26. A method, comprising: providing a barcoded homology donor vector comprising a semi-random barcode on termini of a foreign transcript, the donor vector including homology arms and mutations; knocking-in the barcoded homology donor vector to the vicinity of an exon to be edited to create a variant on the exon; and cleaving the variant using a CRISPR-associated protein guide RNA ribonucleoprotein (Cas-gRNA RNP).

27. The method of claim 26, wherein the barcode is placed on UTR termini of the donor vector so that it may be expressed and detectable in scRNA-seq.

28. The method of claim 26 or claim 27, wherein the donor vector comprises a puromycin resistance gene.

29. The method of claim 26, wherein providing the barcoded homology donor vector comprises: using a first polymerase chain reaction (PCR) to specifically amplify the knocked-in region with a genomically edited allele; using a second PCR, using the product of the first PCR as a template, to link the barcode with variants in an amplicon; and performing amplicon sequencing using the product from the second PCR.

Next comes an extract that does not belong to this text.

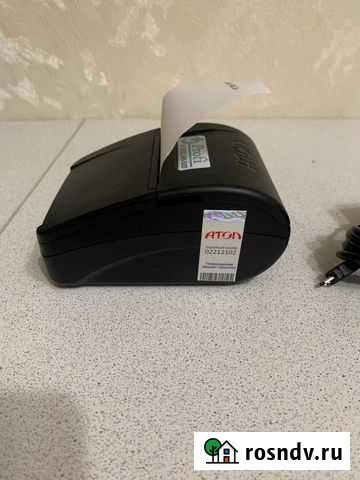 Картриджи Оренбург - изображение 1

30. The method of claim 27, wherein the amplicon sequencing covers both the barcode and the variants.

31. A method, comprising: adding semi-random variant barcodes to UTR regions of a saturationally mutagenized variant library; coupling cell barcodes to the variant barcodes; reading the variant barcodes out in scRNA-seq; and linking the variant barcodes to the variants of the library using a separate sequencing operation.

32. The method of claim 31, wherein the semi-random variant barcode may be placed downstream of promoters or upstream of terminators of the variant library.

33. The method of claim 31 or claim 32, wherein linking the variant barcodes to the variants of the library comprises generating tiled polymerase chain reaction (PCR) amplicons by using one set of primers to amplify the barcode on one side, and another set of primers to amplify the variants on the other side, such that each amplicon links a respective segment of the variant to the barcode.

34. A lentiviral vector comprising a semi-random barcode.

35. A composition comprising: a plurality of lentiviral vectors, each of the lentiviral vectors comprising a different semi-random barcode.

36. The composition of claim 35, further comprising a mutagenically saturated variant library in contact with the plurality of lentiviral vectors.